## AIM OF THE TASK
The first line of the entries and each line after it, through the one that contains "flagra: carro invade", are to be duplicated exactly; no picture belongs in the copy.

## MATERIAL TO PROCESS
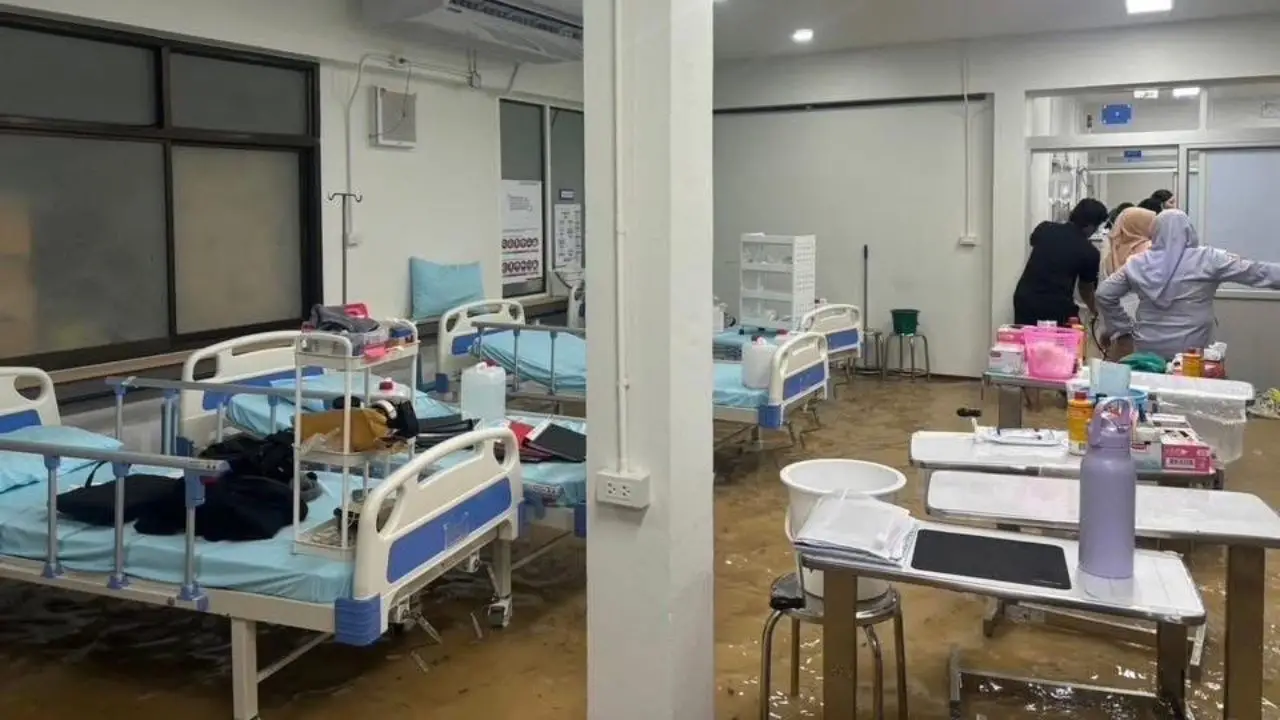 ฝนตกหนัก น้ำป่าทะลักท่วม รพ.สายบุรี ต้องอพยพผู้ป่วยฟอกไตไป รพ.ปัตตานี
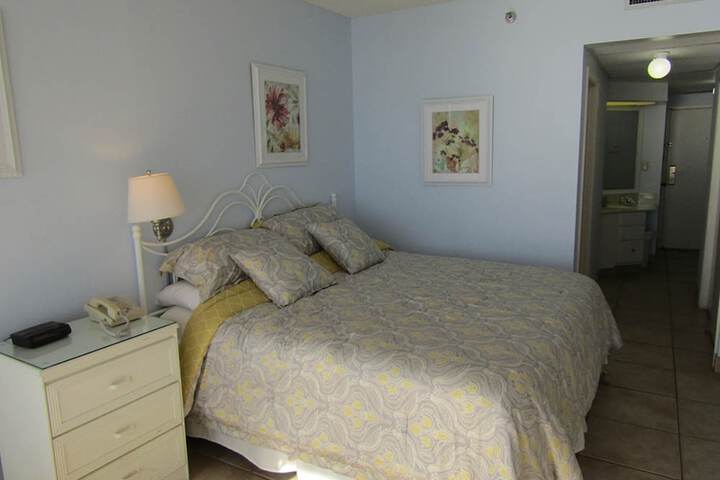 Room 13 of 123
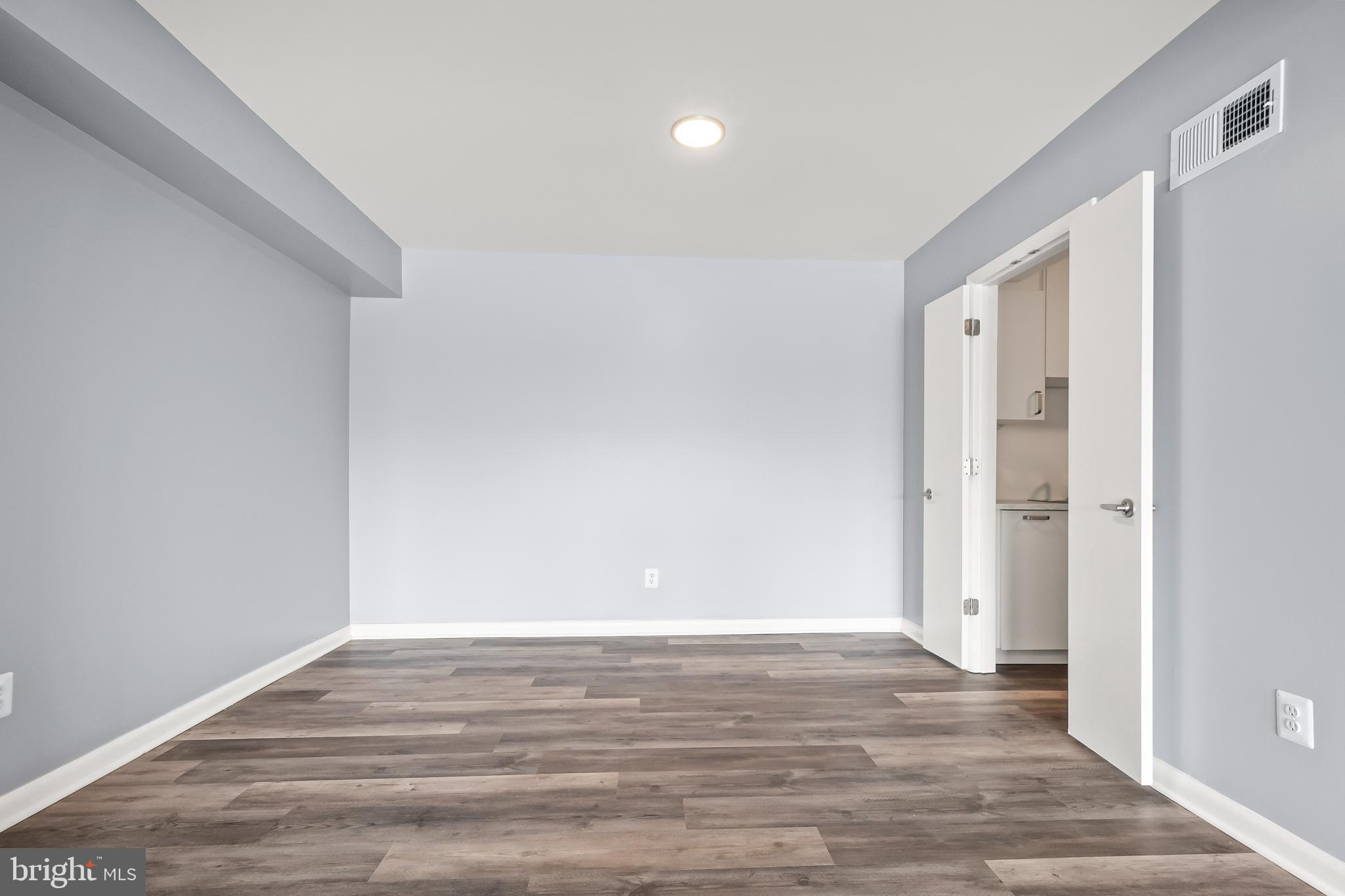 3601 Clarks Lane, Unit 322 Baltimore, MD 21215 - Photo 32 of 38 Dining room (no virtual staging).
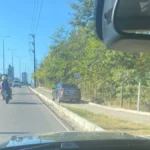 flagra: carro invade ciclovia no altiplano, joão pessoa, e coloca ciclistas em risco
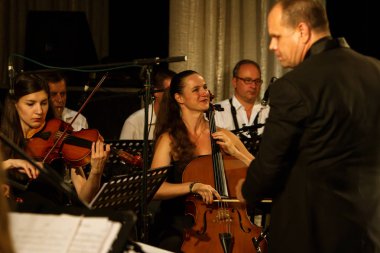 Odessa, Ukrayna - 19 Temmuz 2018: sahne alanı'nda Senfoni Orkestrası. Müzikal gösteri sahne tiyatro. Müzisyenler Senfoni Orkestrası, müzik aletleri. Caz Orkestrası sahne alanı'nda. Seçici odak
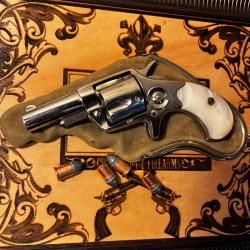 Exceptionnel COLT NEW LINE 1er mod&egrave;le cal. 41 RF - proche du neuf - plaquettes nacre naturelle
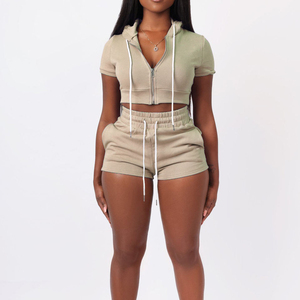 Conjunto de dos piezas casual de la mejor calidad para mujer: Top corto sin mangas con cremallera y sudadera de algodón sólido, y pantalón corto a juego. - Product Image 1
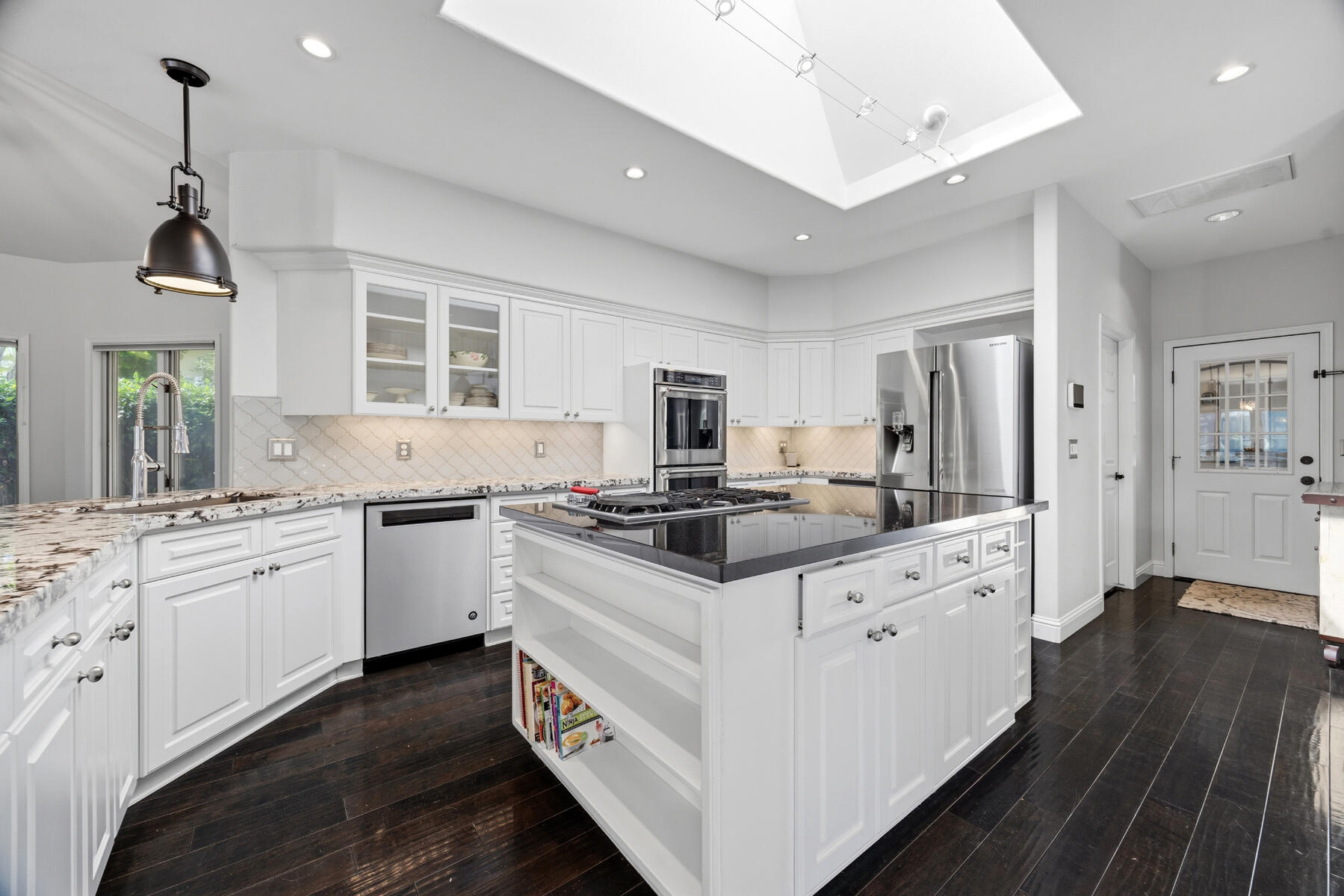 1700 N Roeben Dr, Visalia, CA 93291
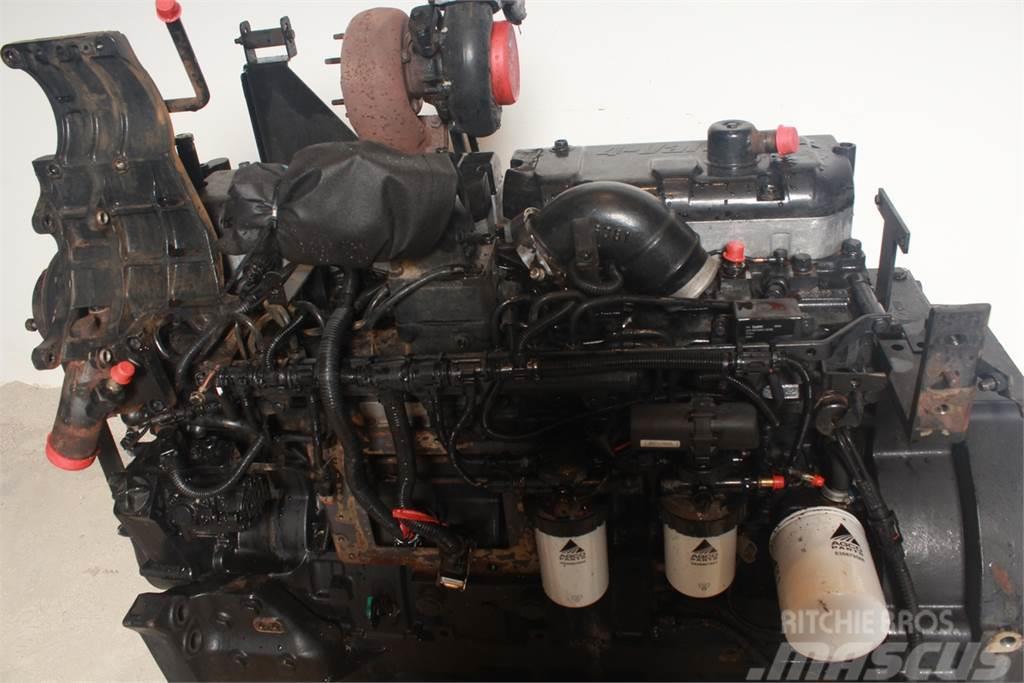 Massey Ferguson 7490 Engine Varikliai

## ANSWER TO THE EXERCISE
 ฝนตกหนัก น้ำป่าทะลักท่วม รพ.สายบุรี ต้องอพยพผู้ป่วยฟอกไตไป รพ.ปัตตานี
 Room 13 of 123
 3601 Clarks Lane, Unit 322 Baltimore, MD 21215 - Photo 32 of 38 Dining room (no virtual staging).
 flagra: carro invade ciclovia no altiplano, joão pessoa, e coloca ciclistas em risco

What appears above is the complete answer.